> [REQUIRED ACTION] Since the listing below shows pictures, leave them out and write out exactly the lines from the line with "Lubrifiant Bijoux Indiscrets" to the line with "Vishine Gel Nail", both included, and no others.

> [MATERIAL PROVIDED]
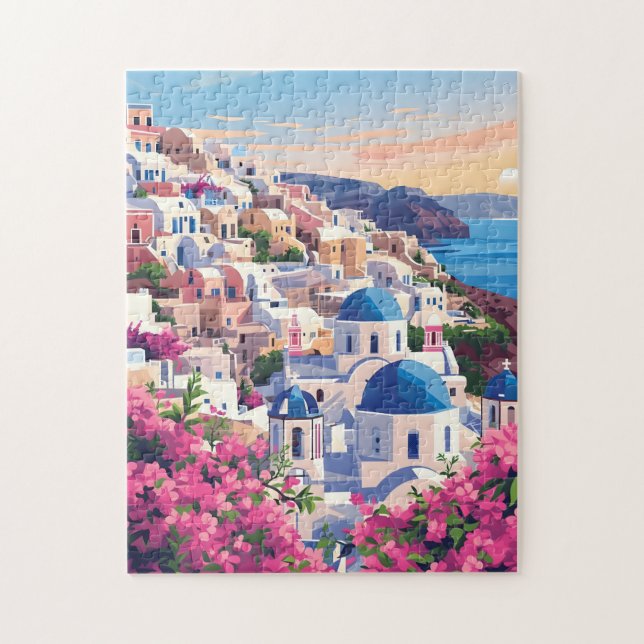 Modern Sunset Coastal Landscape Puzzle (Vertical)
--
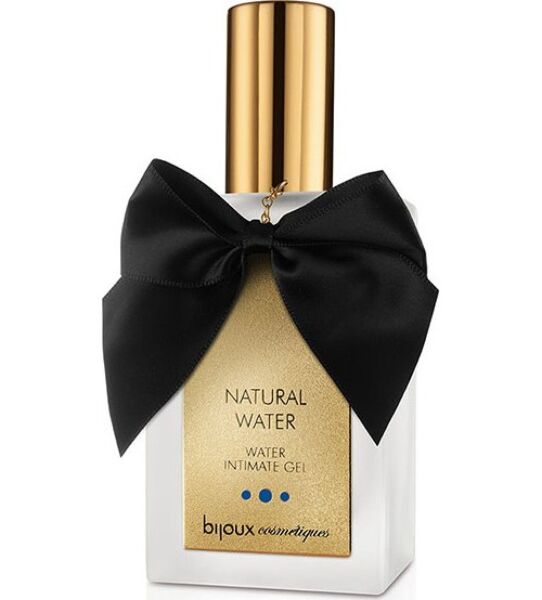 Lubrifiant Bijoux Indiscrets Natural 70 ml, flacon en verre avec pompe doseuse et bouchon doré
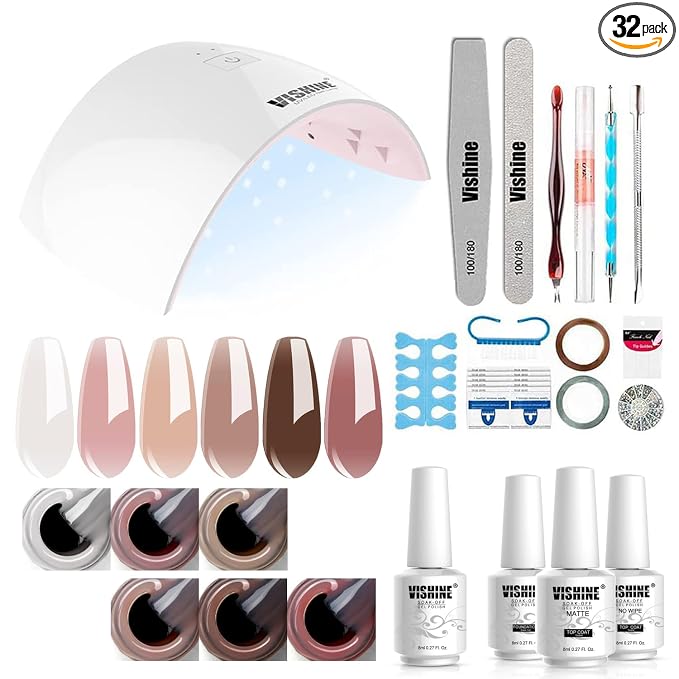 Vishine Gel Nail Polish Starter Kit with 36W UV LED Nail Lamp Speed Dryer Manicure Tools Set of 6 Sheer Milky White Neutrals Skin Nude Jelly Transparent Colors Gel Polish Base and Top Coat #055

> [OUTPUT FOR THIS TASK]
 Lubrifiant Bijoux Indiscrets Natural 70 ml, flacon en verre avec pompe doseuse et bouchon doré
 Vishine Gel Nail Polish Starter Kit with 36W UV LED Nail Lamp Speed Dryer Manicure Tools Set of 6 Sheer Milky White Neutrals Skin Nude Jelly Transparent Colors Gel Polish Base and Top Coat #055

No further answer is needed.